Execute randomized benchmarking (RB) or interleaved RB across all qubit pairs in your problem's connectivity graph, not just the best-connected subset. Record per-qubit and per-pair fidelity, then compute the effective circuit fidelity as the product of involved operation fidelities, weighted by occurrence count.
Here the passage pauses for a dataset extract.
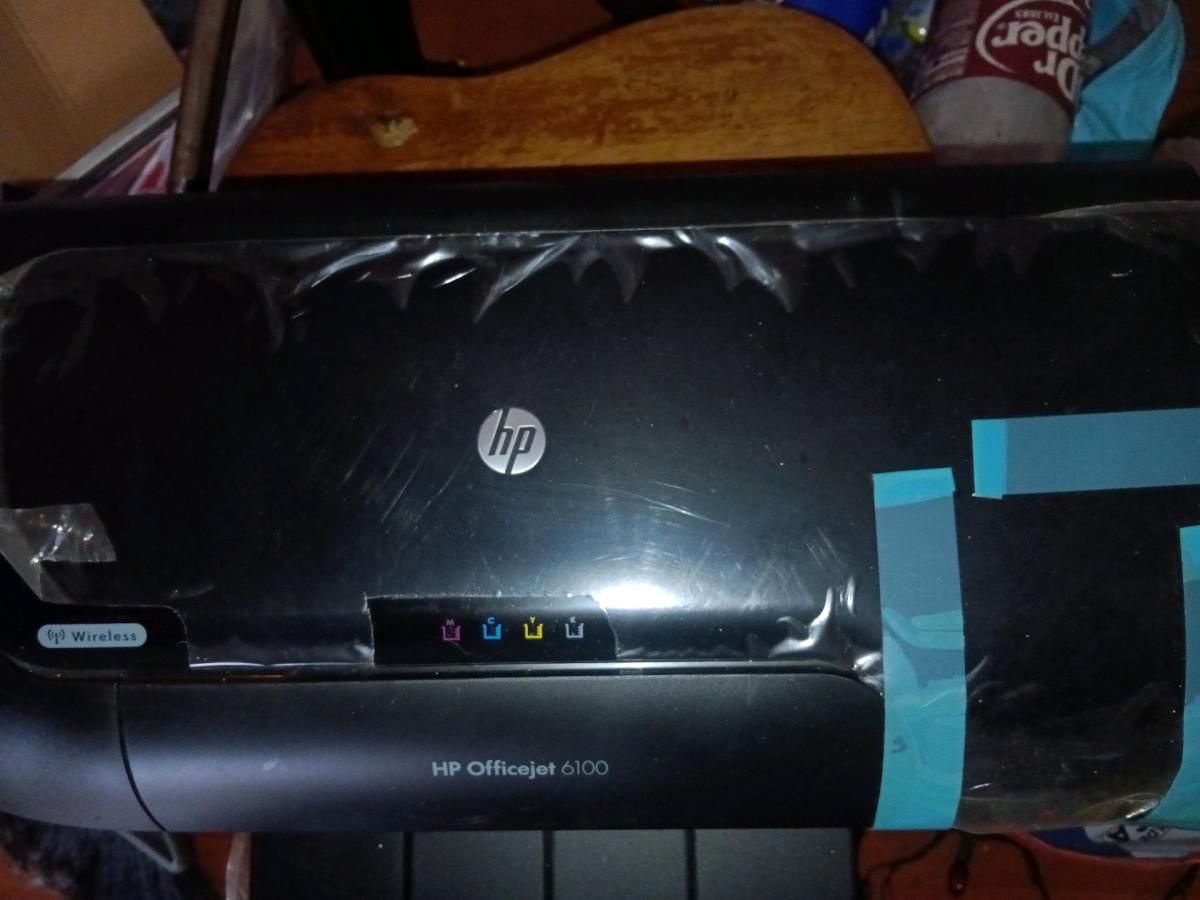 Brand New unused HP Officejet 6100 printer - Garden Grove, California - FleaMarketBay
# Fidelity budgeting for a specific circuit instance
from collections import Counter

def circuit_fidelity_budget(circuit, gate_fidelities: Dict, 
                            two_qubit_fidelities: Dict,
                            measurement_fidelity: Dict):
    """
    Compute expected fidelity for a specific circuit instance,
    accounting for which qubits and gates are actually used.
    
    Returns dict with component breakdown for diagnostic use.
    """
    gate_counts = Counter()
    qubit_measurement_counts = Counter()
    
    for inst in circuit.data:
        gate = inst.operation.name
        qubits = tuple(q._index for q in inst.qubits)
        
        if len(qubits) == 1:
            gate_counts[('1q', qubits[0], gate)] += 1
        elif len(qubits) == 2:
            gate_counts[('2q', qubits, gate)] += 1
    
    for q in circuit.qubits:
        qubit_measurement_counts[q._index] += 1
    
    fidelity_product = 1.0
    breakdown = {}
    
    for (gate_type, qubits, gate), count in gate_counts.items():
        if gate_type == '1q':
            fid = gate_fidelities.get(qubits, 0.999)
        else:
            fid = two_qubit_fidelities.get(qubits, 
                       two_qubit_fidelities.get(tuple(reversed(qubits)), 0.995))
        
        component = fid ** count
        breakdown[f"{gate_type}_{qubits}_{gate}"] = {
            'per_op_fidelity': fid,
            'count': count,
            'contribution': component
        }
        fidelity_product *= component
    
    # Measurement contribution
    meas_component = 1.0
    for q, count in qubit_measurement_counts.items():
        fid = measurement_fidelity.get(q, 0.99)
        meas_component *= fid ** count
    
    breakdown['measurement'] = {
        'per_readout_fidelity': min(measurement_fidelity.values()),
        'contribution': meas_component
    }
    fidelity_product *= meas_component
    
    return {
        'expected_fidelity': fidelity_product,
        'breakdown': breakdown,
        'dominant_error_source': min(
            breakdown.items(), 
            key=lambda x: x[1]['contribution'] if isinstance(x[1], dict) and 'contribution' in x[1] else 1.0
        )
    }

The dominant error source identification is critical for platform comparison: one platform may have superior single-qubit fidelity but worse two-qubit connectivity, making it inferior for your specific circuit topology despite higher headline numbers.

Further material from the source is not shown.